▶ _WHAT TO DO_
Give the data below again exactly as written, but without the pictures.

▶ _INFORMATION_
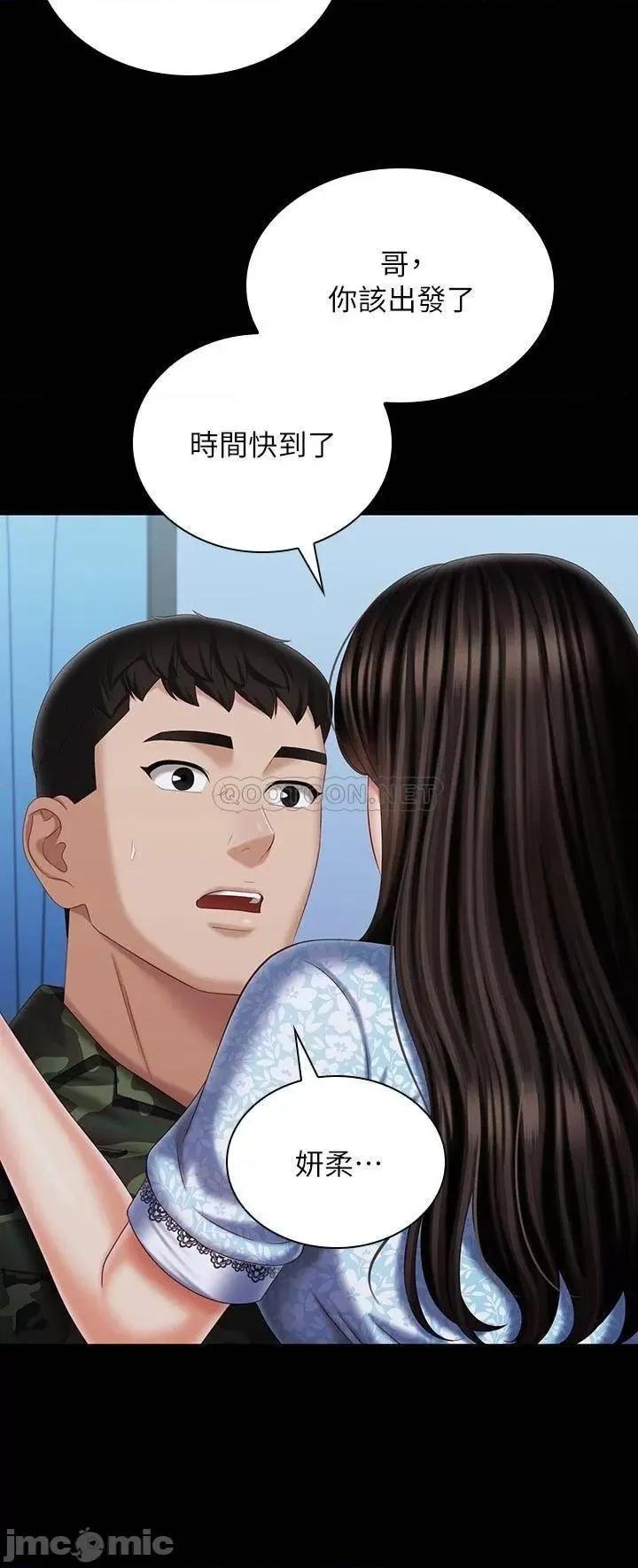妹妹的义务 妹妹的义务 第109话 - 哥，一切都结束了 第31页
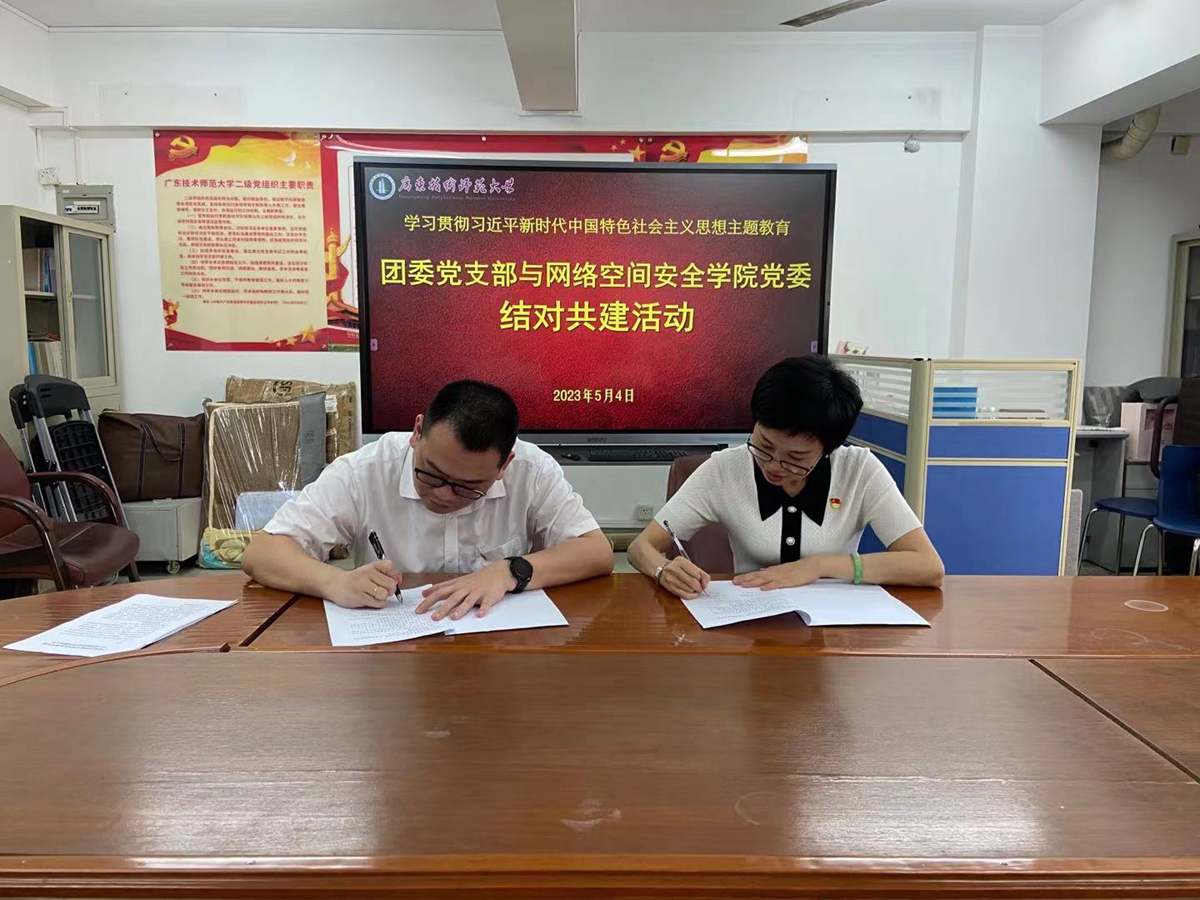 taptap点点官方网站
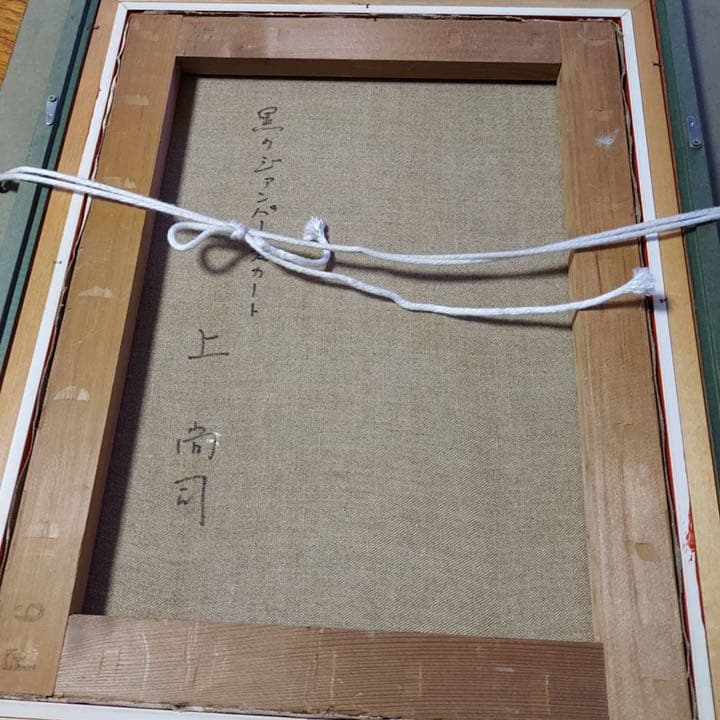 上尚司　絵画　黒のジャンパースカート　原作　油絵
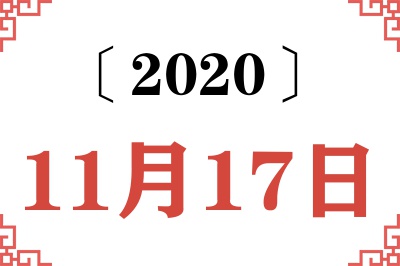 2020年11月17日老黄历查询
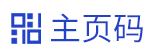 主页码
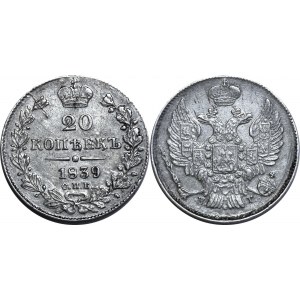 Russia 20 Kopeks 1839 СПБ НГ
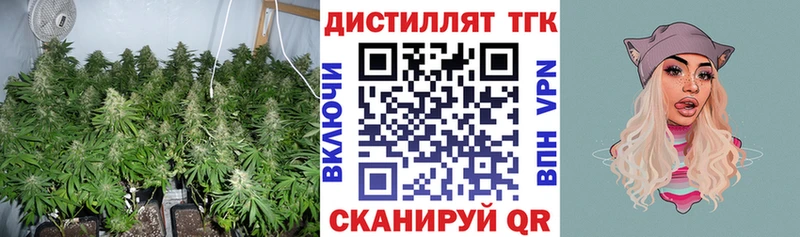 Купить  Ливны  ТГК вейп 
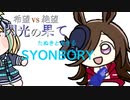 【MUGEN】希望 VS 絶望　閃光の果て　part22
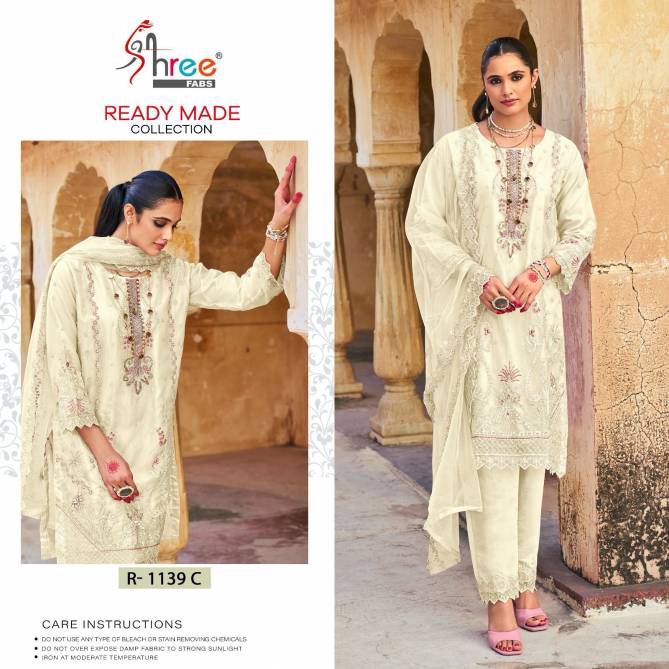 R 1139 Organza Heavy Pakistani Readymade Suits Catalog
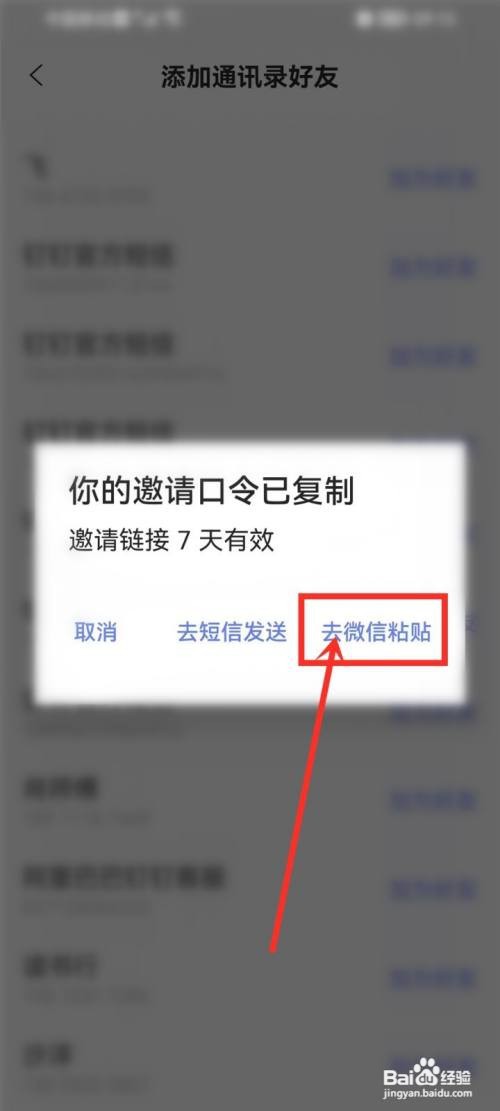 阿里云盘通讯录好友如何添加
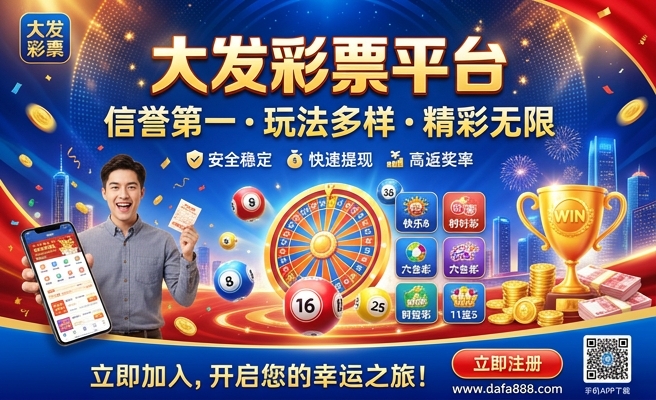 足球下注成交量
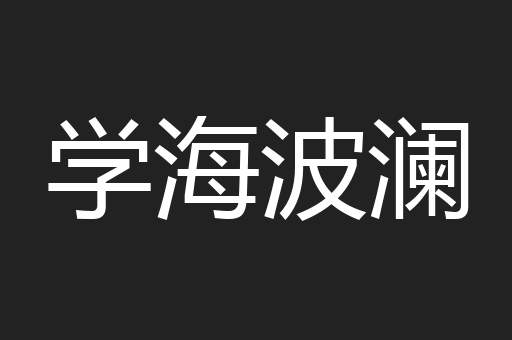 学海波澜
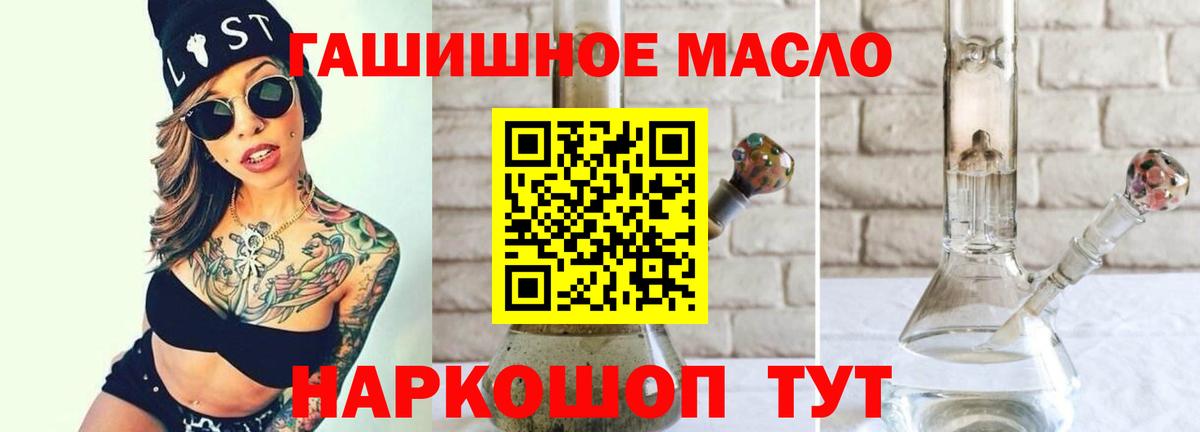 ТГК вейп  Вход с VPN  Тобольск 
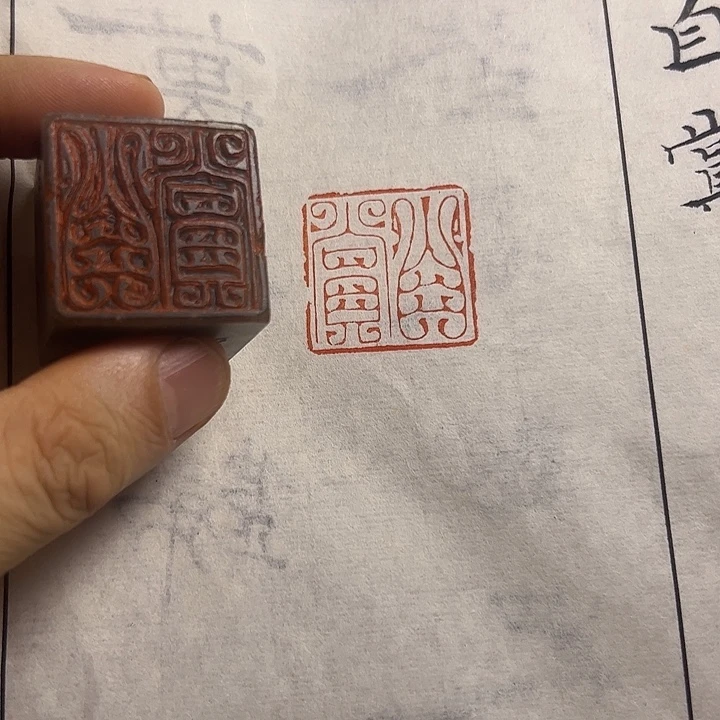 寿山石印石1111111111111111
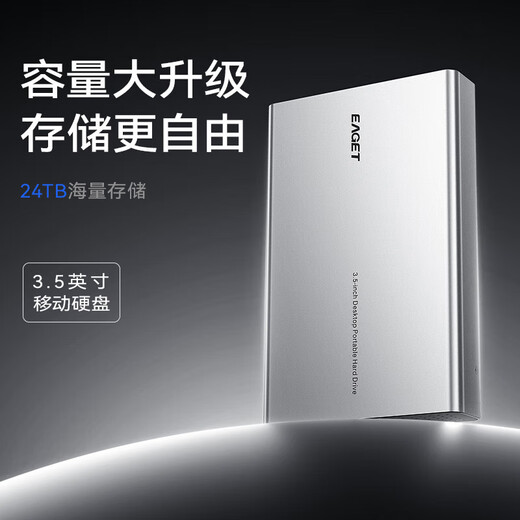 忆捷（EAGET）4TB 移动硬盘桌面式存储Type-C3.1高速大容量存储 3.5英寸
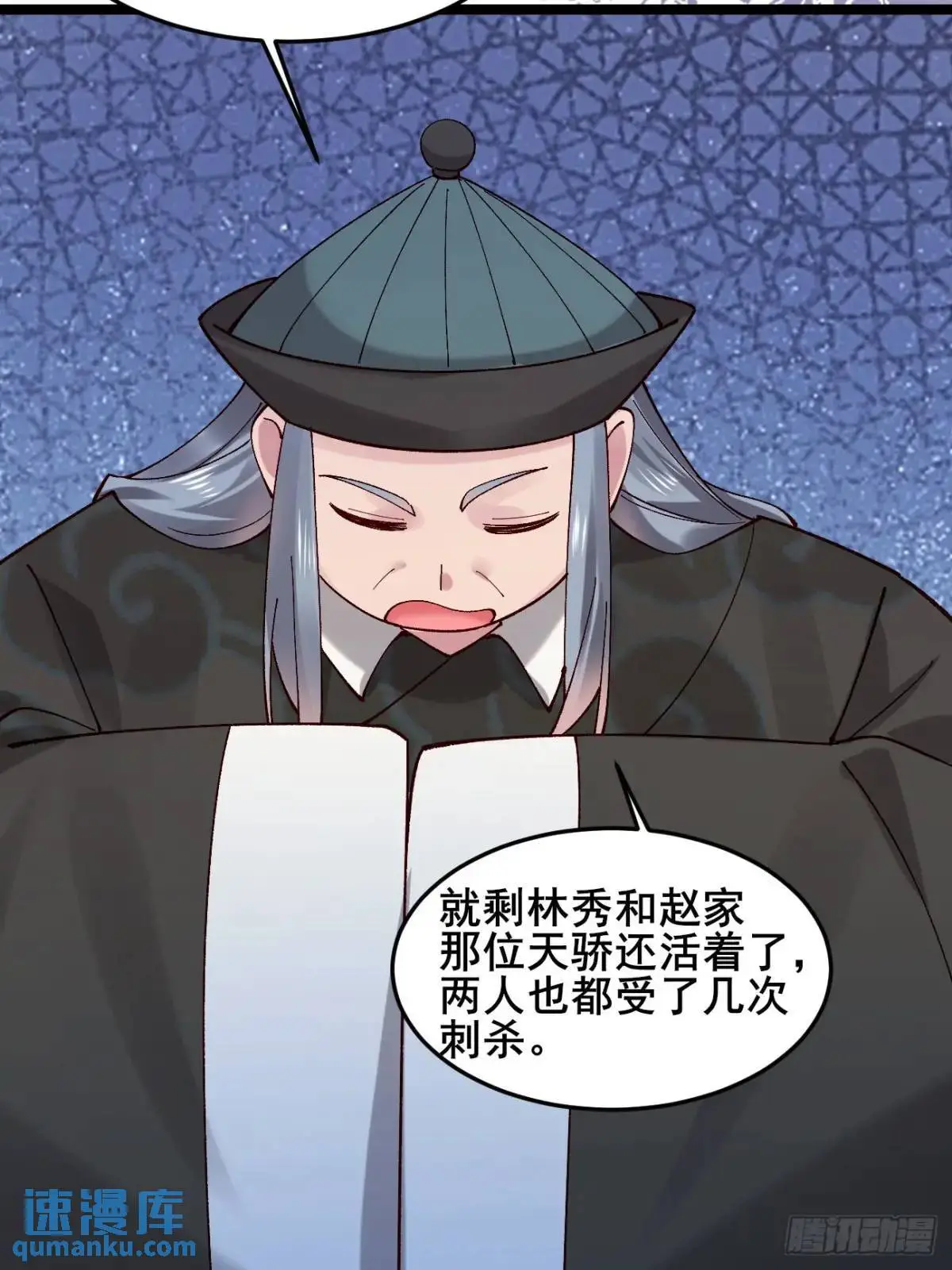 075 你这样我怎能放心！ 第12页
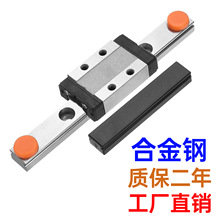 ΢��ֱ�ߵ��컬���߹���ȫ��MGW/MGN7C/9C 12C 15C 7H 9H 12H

▶ _TASK RESPONSE_
妹妹的义务 妹妹的义务 第109话 - 哥，一切都结束了 第31页
 taptap点点官方网站
 上尚司　絵画　黒のジャンパースカート　原作　油絵
 2020年11月17日老黄历查询
 主页码
 Russia 20 Kopeks 1839 СПБ НГ
 Купить  Ливны  ТГК вейп 
 【MUGEN】希望 VS 絶望　閃光の果て　part22
 R 1139 Organza Heavy Pakistani Readymade Suits Catalog
 阿里云盘通讯录好友如何添加
 足球下注成交量
 学海波澜
 ТГК вейп  Вход с VPN  Тобольск 
 寿山石印石1111111111111111
 忆捷（EAGET）4TB 移动硬盘桌面式存储Type-C3.1高速大容量存储 3.5英寸
 075 你这样我怎能放心！ 第12页
 ΢��ֱ�ߵ��컬���߹���ȫ��MGW/MGN7C/9C 12C 15C 7H 9H 12H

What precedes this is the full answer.